Jennifer Arlen, ‘Reality Check: How Malpractice Facts Changed Malpractice Liability Theory’

Abstract:
Empirical legal studies has transformed economic analysis of malpractice liability. Until recently, economic analysis of malpractice liability has been based on the traditional model of accidents. This model supports the conclusion that malpractice liability may not be needed if health insurers, not physicians, bear treatment costs. Moreover, this analysis implies that even when liability is welfare-enhancing, it need not be mandatory if patients are informed about the costs and benefits of liability.
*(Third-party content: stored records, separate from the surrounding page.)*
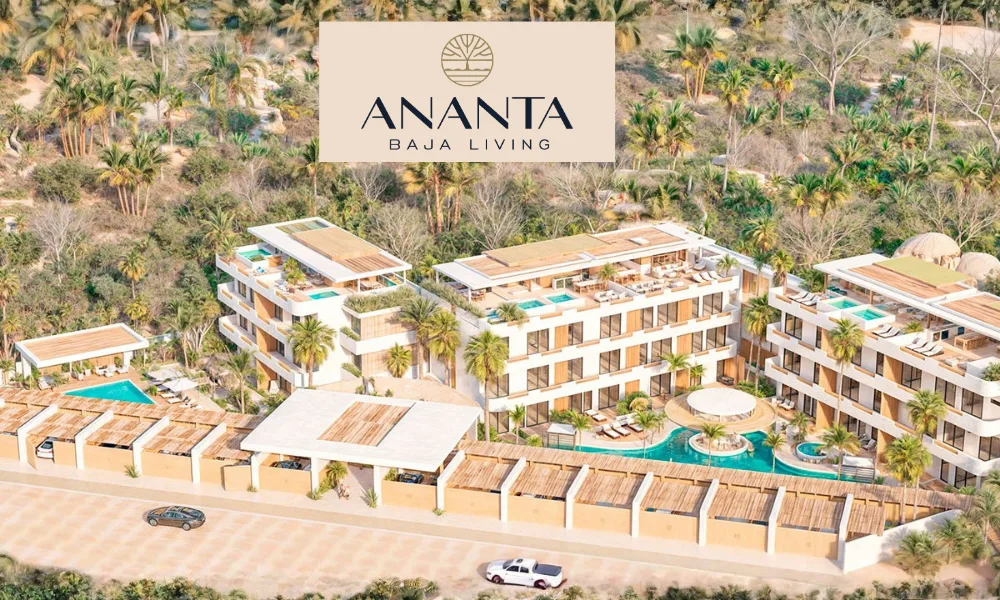 Aerial render of the Ananta Baja Living condominiums arranged around their pools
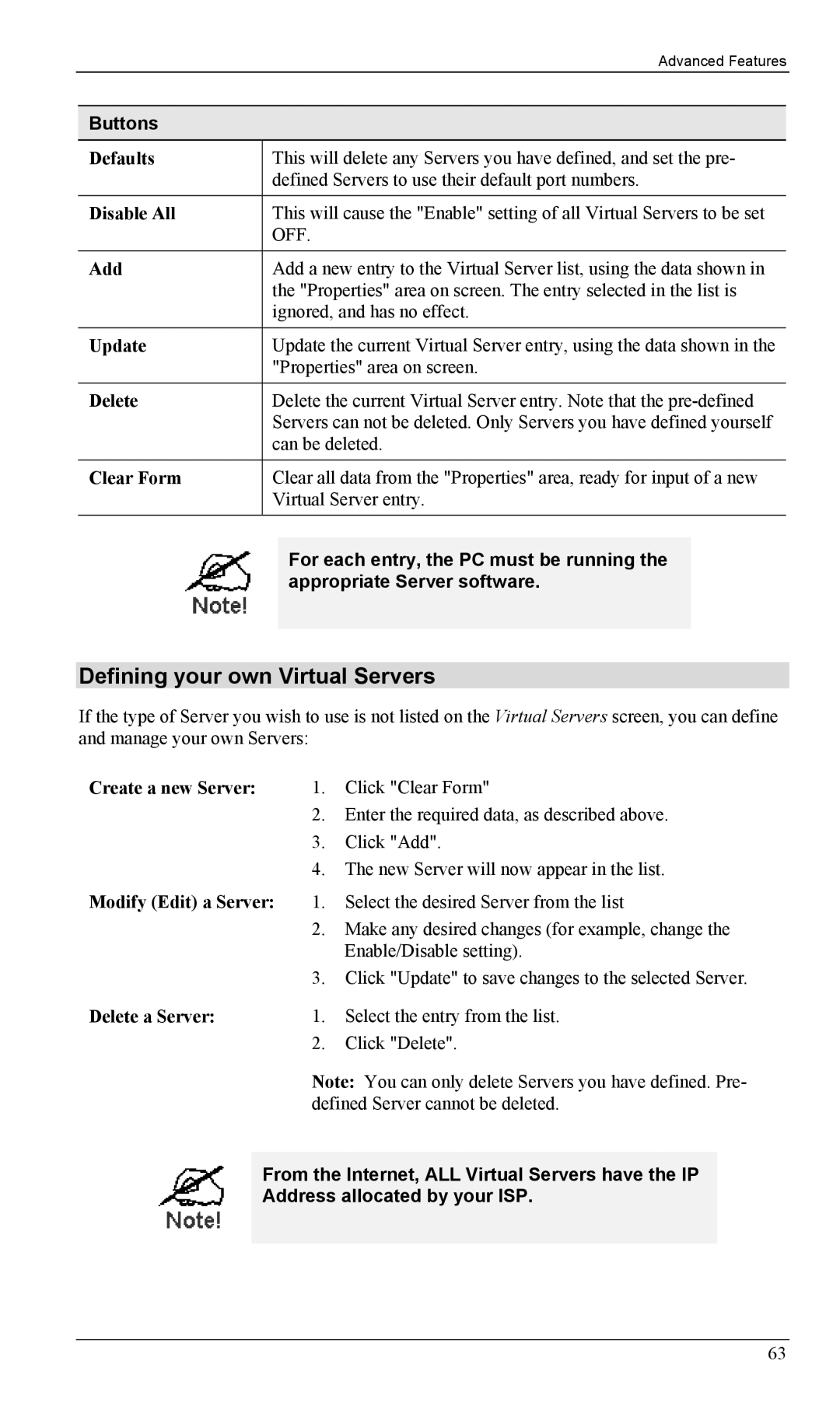 LevelOne FBR-1402TX, FBR-1403TX manual Defining your own Virtual Servers 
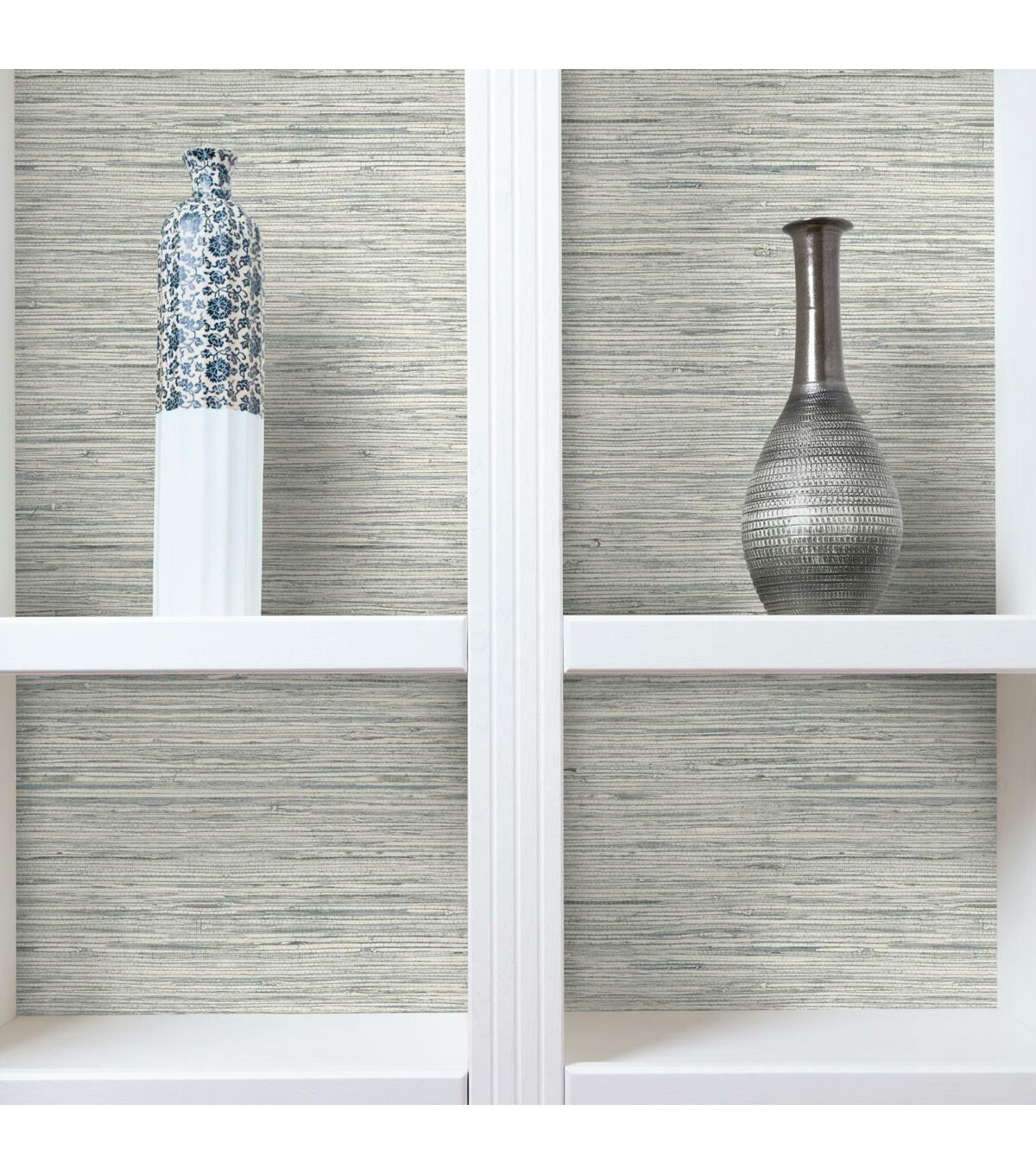 RoomMates Faux Grasscloth Peelable Wallpaper Grey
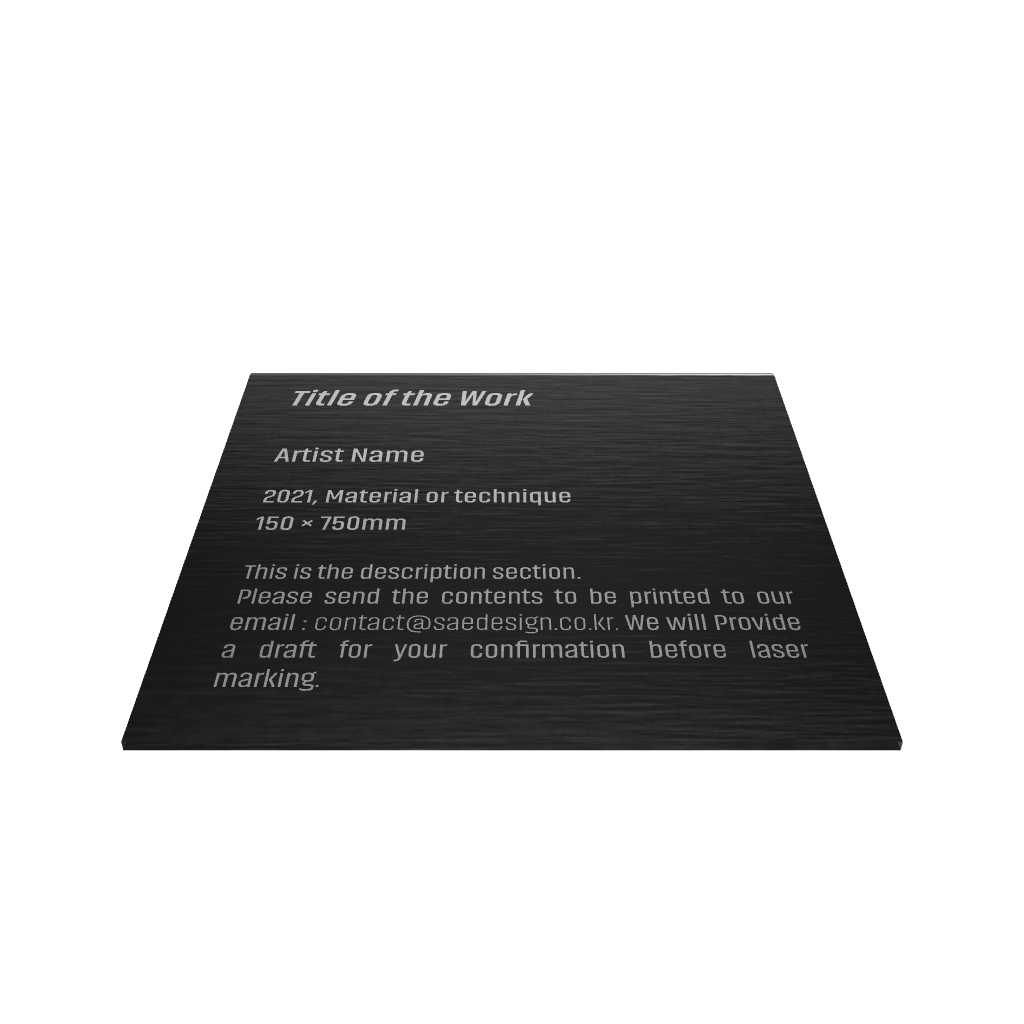 Stainless steel caption plate, black, 80×30×80mm from SIDE collection
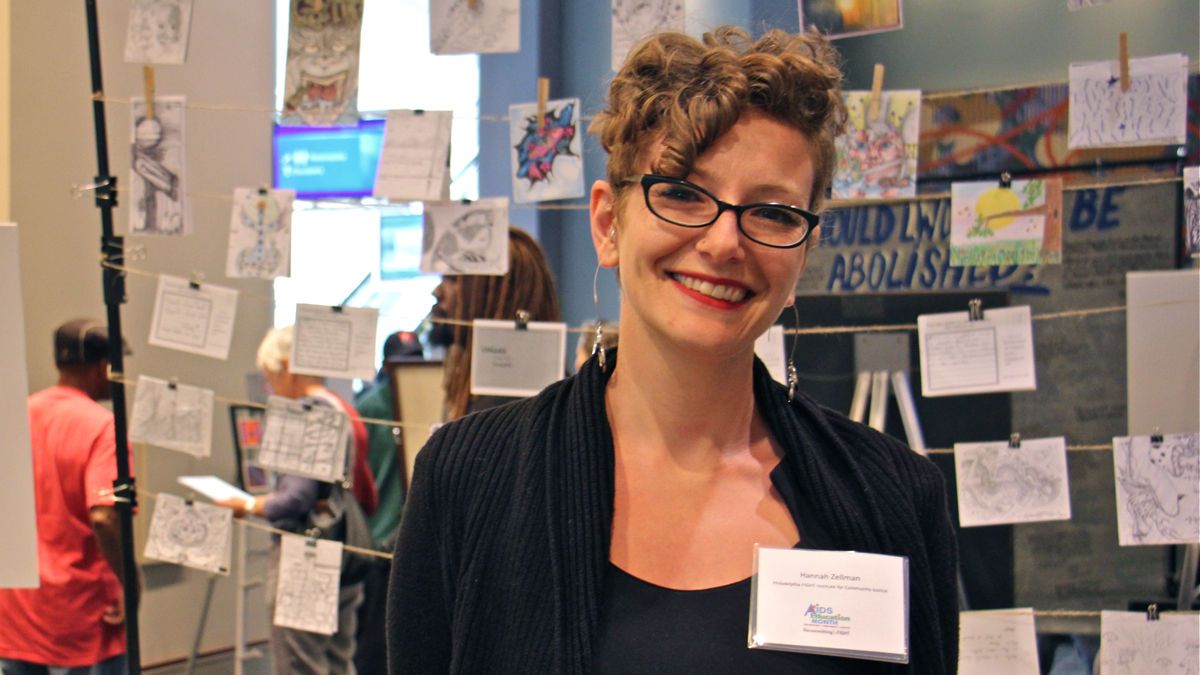  Hannah Zellman of Philadelhia FIGHT Institute for Community Justice organized the Beyond the Walls summit at the Pennsylvania Convention Center. (Emma Lee/WHYY)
Empirical analysis of medical errors reveals that we cannot rely on the simple model of accidents to analyze optimal malpractice liability because patient safety depends on two different care decisions, only one of which is properly captured by the traditional model. Expanding the model to account for the two distinct ways that physicians protect patients reveals that malpractice liability is needed even when doctors want to select the right treatment. It also reveals why contractual malpractice liability is inefficient even when patients are informed about the costs and benefits of liability.

Arlen, Jennifer, Reality Check: How Malpractice Facts Changed Malpractice Liability Theory (April 30, 2013). 2011 Empirical Studies Of Judicial Systems, Yun-chien Chang ed., 2013; NYU Law and Economics Research Paper No. 13-12.